Although she was able to make a living playing and writing music, Akiyoshi experienced some discomfort during her early years in the U.S. Despite having the respect of her contemporaries, reviews of Akiyoshi’s first recordings often belied a sense that some saw her–like many saw Ma and Tung (see #4 of the resource) as a curiosity, a “cute Asian,” rather than a serious performer. Nonetheless, Akiyoshi’s talent propelled her forward, and she has had a successful career spanning over fifty years.
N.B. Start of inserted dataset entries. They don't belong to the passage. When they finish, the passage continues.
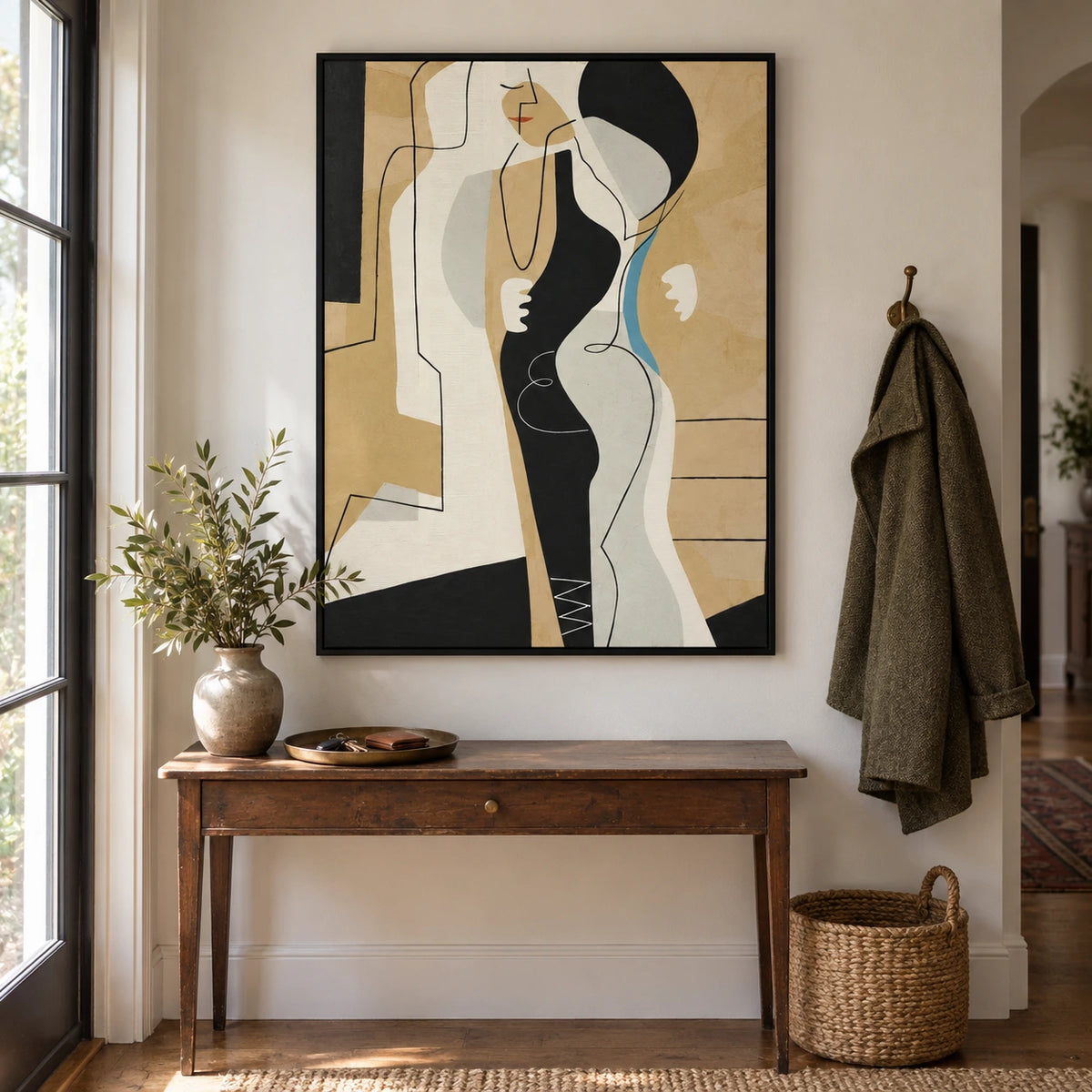 Abstract Woman Portrait Oil Painting | Black Cream Ochre Shapes Blue Accent and Fine Lines Vertical Wall Art OA 1748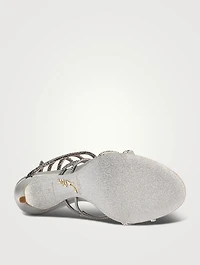 Braid Crystal Satin Sandals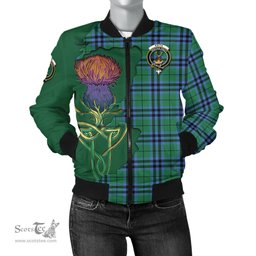 Scottish Keith Ancient Tartan Family Crest with Thistle and Scotland Map Tartan Plaid Bomber Jacket Scottish Plaid Tartan Plaid - ScotsTee - scotstee.com
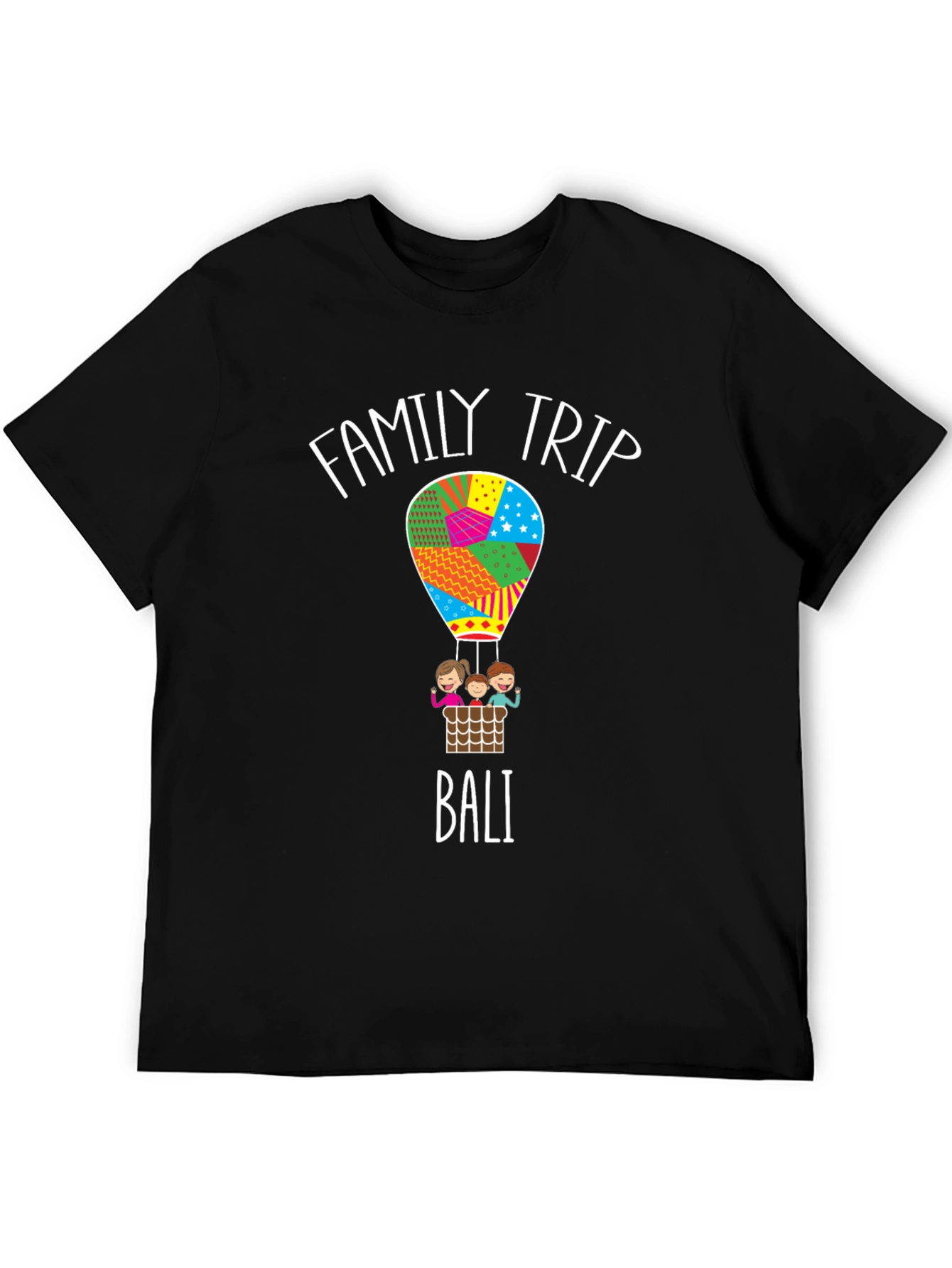 Family Trip Bali Hot Air Balloon Graphic T-Shirt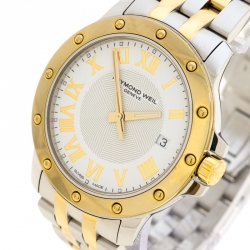 Pre Owned ساعة يد رجالية ريموند ويل تانغو 5599 ستانلس ستيل لونين مينا بيضاء 39 مم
She has won prestigious jazz awards over her lifetime and has been nominated for fourteen Grammys. She recorded over eighty records, wrote around 100 compositions, and started dozens of jazz groups and ensembles; the Toshiko Akiyoshi–Lew Tabackin Big Band (co-founded with her second husband) was one of the most celebrated and successful American big bands of the 1970s and ‘80s. Akiyoshi also experimented with traditional Japanese instruments and folk melodies in her original compositions, which ultimately contributed to her winning Japan’s prestigious Order of the Rising Sun (旭日章) in 2004.
Resources
- Ken Dryden, “Toshiko Akiyoshi: Fine Wine.” (All about Jazz, May 2, 2009).
- Ally Dunavant, “Who is Toshiko Akiyoshi? Meet the Japanese Pianist and Composer Who Transformed Jazz Music.” (Classic FM, July 12, 2024.)
- Jung, Fred. “A Fireside Chat with Toshiko Akiyoshi.” (All about Jazz, April 20, 2003.)
- Renee Cho (director). Jazz Is My Native Language: A Portrait of Toshiko Akiyoshi. Center for Asian American Media.